AVAILABLE DATA ::
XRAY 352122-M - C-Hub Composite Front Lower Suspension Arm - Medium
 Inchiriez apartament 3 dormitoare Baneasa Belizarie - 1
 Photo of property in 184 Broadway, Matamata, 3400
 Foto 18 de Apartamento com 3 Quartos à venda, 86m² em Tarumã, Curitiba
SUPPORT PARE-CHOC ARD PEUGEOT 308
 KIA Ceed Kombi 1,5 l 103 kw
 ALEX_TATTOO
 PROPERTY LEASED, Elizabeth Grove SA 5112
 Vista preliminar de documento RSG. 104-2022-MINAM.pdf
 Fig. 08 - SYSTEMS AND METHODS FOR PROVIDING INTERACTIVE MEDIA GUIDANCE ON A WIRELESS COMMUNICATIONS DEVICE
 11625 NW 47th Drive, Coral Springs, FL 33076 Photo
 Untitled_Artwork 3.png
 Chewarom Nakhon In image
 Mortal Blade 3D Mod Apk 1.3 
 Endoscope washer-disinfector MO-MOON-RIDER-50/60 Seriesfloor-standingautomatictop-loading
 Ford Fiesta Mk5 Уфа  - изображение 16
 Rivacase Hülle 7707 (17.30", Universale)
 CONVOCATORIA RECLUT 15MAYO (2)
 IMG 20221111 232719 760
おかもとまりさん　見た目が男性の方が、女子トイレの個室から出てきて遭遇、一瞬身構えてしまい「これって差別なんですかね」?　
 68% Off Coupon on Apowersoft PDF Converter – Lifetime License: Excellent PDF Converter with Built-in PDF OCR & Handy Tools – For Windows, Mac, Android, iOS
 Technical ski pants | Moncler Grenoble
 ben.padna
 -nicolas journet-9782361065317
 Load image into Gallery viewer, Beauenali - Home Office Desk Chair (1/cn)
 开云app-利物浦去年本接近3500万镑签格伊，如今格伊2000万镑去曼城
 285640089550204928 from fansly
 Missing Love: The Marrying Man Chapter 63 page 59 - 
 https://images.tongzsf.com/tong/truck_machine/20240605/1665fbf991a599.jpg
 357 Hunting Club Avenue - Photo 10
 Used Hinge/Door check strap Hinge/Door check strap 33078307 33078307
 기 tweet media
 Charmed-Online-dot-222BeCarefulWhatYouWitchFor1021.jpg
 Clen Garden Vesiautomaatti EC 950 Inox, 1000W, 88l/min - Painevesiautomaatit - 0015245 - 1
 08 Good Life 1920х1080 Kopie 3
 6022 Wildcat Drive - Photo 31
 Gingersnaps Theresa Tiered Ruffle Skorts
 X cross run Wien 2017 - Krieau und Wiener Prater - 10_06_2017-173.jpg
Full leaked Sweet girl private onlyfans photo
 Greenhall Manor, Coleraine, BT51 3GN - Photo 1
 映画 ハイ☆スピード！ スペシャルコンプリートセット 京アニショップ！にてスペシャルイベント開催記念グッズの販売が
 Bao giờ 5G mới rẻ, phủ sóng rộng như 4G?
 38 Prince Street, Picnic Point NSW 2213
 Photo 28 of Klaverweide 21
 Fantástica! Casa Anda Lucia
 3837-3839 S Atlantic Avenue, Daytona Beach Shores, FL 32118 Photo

DIRECTIONS :: Output should match, line for line, the stretch of the material above from the line holding "Inchiriez apartament 3" through the line holding "Endoscope washer-disinfector MO-MOON-RIDER-50/60".

RESULT ::
 Inchiriez apartament 3 dormitoare Baneasa Belizarie - 1
 Photo of property in 184 Broadway, Matamata, 3400
 Foto 18 de Apartamento com 3 Quartos à venda, 86m² em Tarumã, Curitiba
SUPPORT PARE-CHOC ARD PEUGEOT 308
 KIA Ceed Kombi 1,5 l 103 kw
 ALEX_TATTOO
 PROPERTY LEASED, Elizabeth Grove SA 5112
 Vista preliminar de documento RSG. 104-2022-MINAM.pdf
 Fig. 08 - SYSTEMS AND METHODS FOR PROVIDING INTERACTIVE MEDIA GUIDANCE ON A WIRELESS COMMUNICATIONS DEVICE
 11625 NW 47th Drive, Coral Springs, FL 33076 Photo
 Untitled_Artwork 3.png
 Chewarom Nakhon In image
 Mortal Blade 3D Mod Apk 1.3 
 Endoscope washer-disinfector MO-MOON-RIDER-50/60 Seriesfloor-standingautomatictop-loading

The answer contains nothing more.